The global minimum corporate tax rate, or simply the global minimum tax (abbreviated GMCT or GMCTR), is a minimum rate of tax on corporate income internationally agreed upon and accepted by individual jurisdictions. Each country would be eligible to a share of revenue generated by the tax. The aim is to reduce tax competition between countries and discourage multinational corporations (MNC) from profit shifting to achieve tax avoidance.
In 2021, 136 countries agreed to a plan of Organisation for Economic Co-operation and Development (OECD) to implement 15% global minimum tax rate, starting in 2023.The agreement established a two-pillar solution focused on revising tax rules to address profit shifting and base erosion caused by tax avoidance practices and to meet challenges created by the increasingly digitalized global economy. Big multinationals such as Apple, Alphabet and Facebook, as well as those such as Nike and Starbucks are funneling profits through low-tax jurisdictions to avoid paying taxes. The new proposal is thus aimed at minimizing the opportunities for multinational enterprises (MNEs) to indulge in profit shifting.

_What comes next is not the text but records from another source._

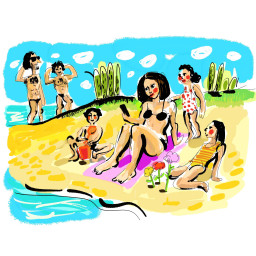 Afleveringplaatje van Het strandgeluk van Anaïs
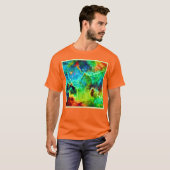 宇宙の星雲クラウドアート Tシャツ (正面フル)
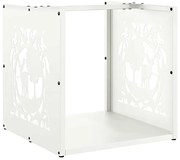 Stojak na drewno opałowe biały S9-Z91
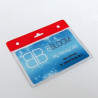 Lot de 100 portes badges souple bandeau - 5 couleurs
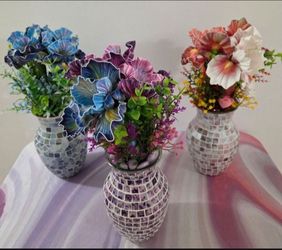 *** NEW LOW PRICE *** Vases from The Mosaic Iris Collection ($25 EACH) @ Lasting Creations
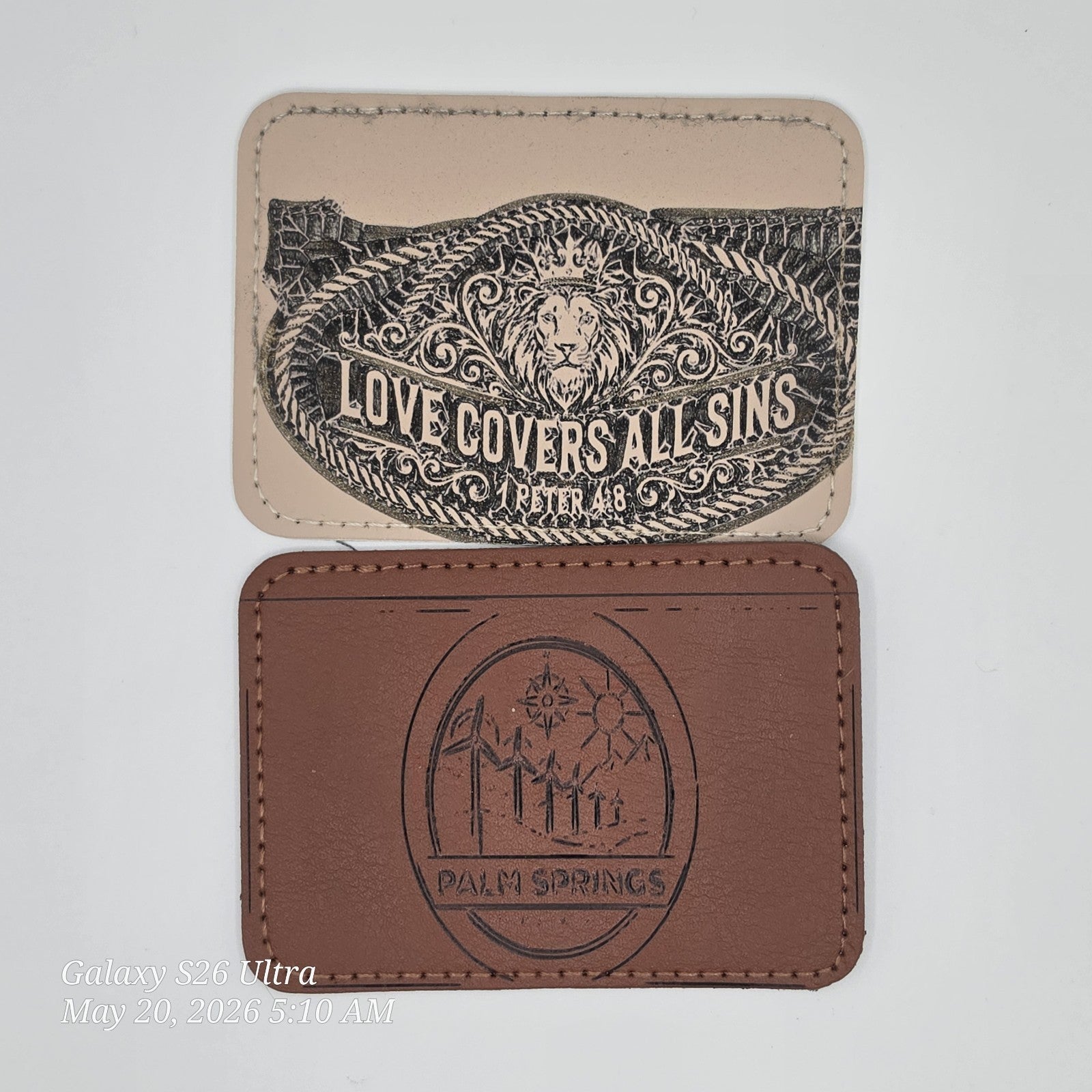 Custom Laser Engraved Heat Press Patches Whatever Design You want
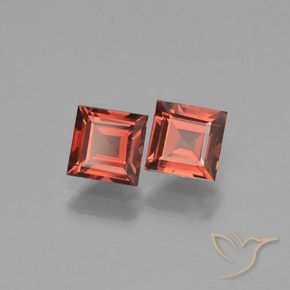 1.66 ct natürliche Scharlachrot Pyrop-Granat-Edelsteine, Quadrat, VVS-VS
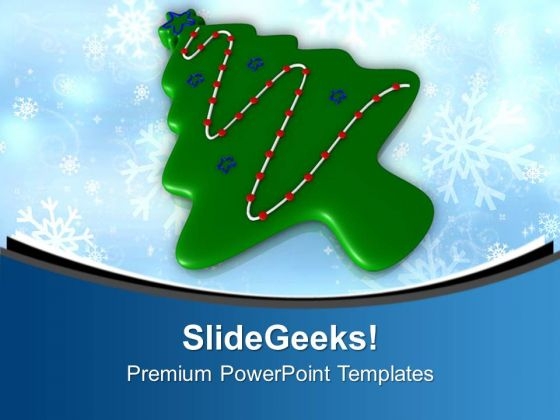 Christmas Tree In Form Of Cookie PowerPoint Templates Ppt Backgrounds For Slides 0113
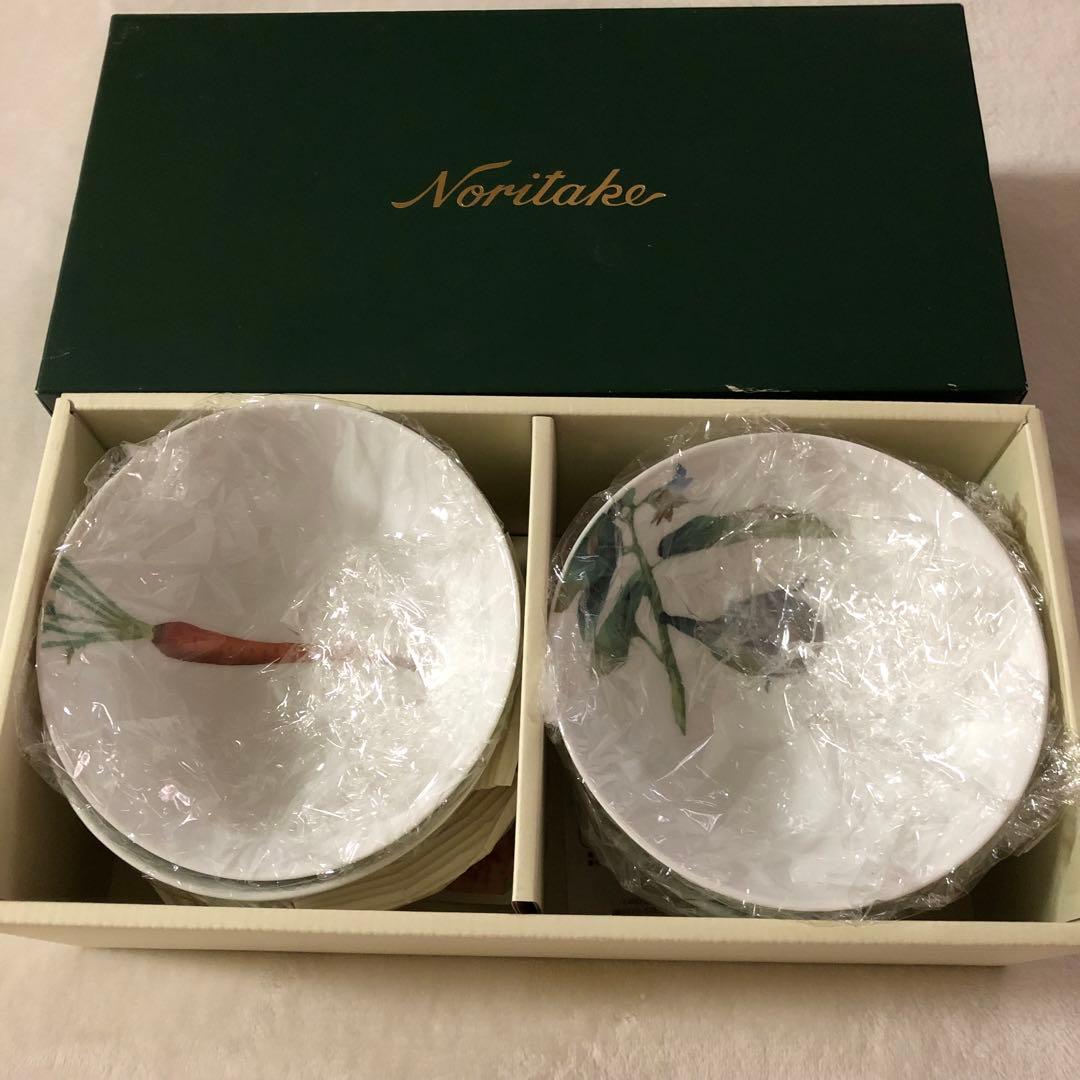 新品 Noritake ボウル 14㎝ 絵変わりセット 京香旬彩 5個セット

Although there is a growing call for making the tax regime inclusive, there should be appropriate coordination between the application of the new international tax rules. Any final agreement could have major repercussions for low-tax countries and tax havens. A UN tax convention, where global rules are determined by democracy not plutocracy, can make the implementation and coordination smoother with time.